The only thing about IR is that if something gets in the way how does it know where to go. You might have to implement a "search for the signal" algorithm so the unit can move around until it finally gets a signal unless you use several beacons of some kind.

 

I have an original Roomba, and to turns in a circle to find the station, so only front sensors. Newer ones may be different. Same with the map, I read about it back then and it does not use a map, they tried but it proved to be difficult and no better than random patterns, which they used instead, but that was many years ago.

It definitely makes a map now. You can view it on their mobile app.

 

As to your connectors, you can use rare earth magnetic connectors. They can almost find themselves when brought within about maybe 1/2 inch, so the positioning would not have to be super-duper accurate, just within reason. You might get away with just four rare earth magnets two for each pole, one on the station one on the moving unit. When they connect together, they can conduct current. They make magnetic connectors too, but you'd have to find some appropriate for your current and voltage and size might be an issue.

I have some magneric connectors that would be fine electrically but the problem I forsee is that they are very strong and I doubt the tracks would have enough traction to be able to be able to pull them apart. I also got some inductive charger things, but they need to be pretty well aligned and have fairly limited current ability.

My plan at the moment is to have spring test contacts on the station and I have got the (gold plated) contacts off a 1/4" jack socket mounted to match the spring pins.

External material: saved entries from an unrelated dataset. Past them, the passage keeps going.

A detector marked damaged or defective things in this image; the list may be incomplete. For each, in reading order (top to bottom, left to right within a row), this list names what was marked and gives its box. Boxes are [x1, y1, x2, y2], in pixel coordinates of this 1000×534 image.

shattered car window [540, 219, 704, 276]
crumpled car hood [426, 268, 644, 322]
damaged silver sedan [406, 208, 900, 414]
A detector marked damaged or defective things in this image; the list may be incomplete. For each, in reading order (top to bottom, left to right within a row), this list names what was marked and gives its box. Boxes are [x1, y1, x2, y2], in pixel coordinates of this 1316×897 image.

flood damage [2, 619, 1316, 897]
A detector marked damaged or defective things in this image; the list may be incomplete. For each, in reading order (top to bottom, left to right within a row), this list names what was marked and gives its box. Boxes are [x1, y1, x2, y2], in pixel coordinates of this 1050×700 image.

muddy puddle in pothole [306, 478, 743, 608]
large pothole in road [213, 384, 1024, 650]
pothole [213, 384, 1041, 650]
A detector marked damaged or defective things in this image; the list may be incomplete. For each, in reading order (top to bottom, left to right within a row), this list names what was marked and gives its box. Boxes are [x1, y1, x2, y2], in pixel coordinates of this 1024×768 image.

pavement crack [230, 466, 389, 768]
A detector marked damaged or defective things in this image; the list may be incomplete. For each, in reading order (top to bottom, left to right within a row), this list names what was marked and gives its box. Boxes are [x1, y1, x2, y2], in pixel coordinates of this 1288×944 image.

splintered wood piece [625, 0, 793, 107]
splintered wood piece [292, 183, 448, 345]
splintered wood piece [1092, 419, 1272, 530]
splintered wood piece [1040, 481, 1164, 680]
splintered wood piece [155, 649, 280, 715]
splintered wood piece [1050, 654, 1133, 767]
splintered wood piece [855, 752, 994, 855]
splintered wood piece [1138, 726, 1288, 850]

I did an IR project way back when and i got good results with a multistage RC high pass filter. I might have used 5 stages I don't remember that well now. That filters out ambient lighting like you were thinking.
One of the key points is the level of brightness vs the distance, and that is coupled with the direction and beam width of the transmitting IR signal. A focusing system helps here a lot using lenses.

OK, thanks for that information. It is supposed to be able to make a map and navigate from place to place with reasonable accuracy so it should be able to get fairly close to the station, just needing the IR for the fine positioning. I plan to cheat slightly and have a tapered entrance to the station to do the final alignment.

 

The robot vacuums use simple plated sliding contacts with the springy part on the robot. You could fabricate something similar using the nickel strips used for 18650 battery packs.

If the charger has a pair of channels to direct the robot in and align the contacts it should be reliable.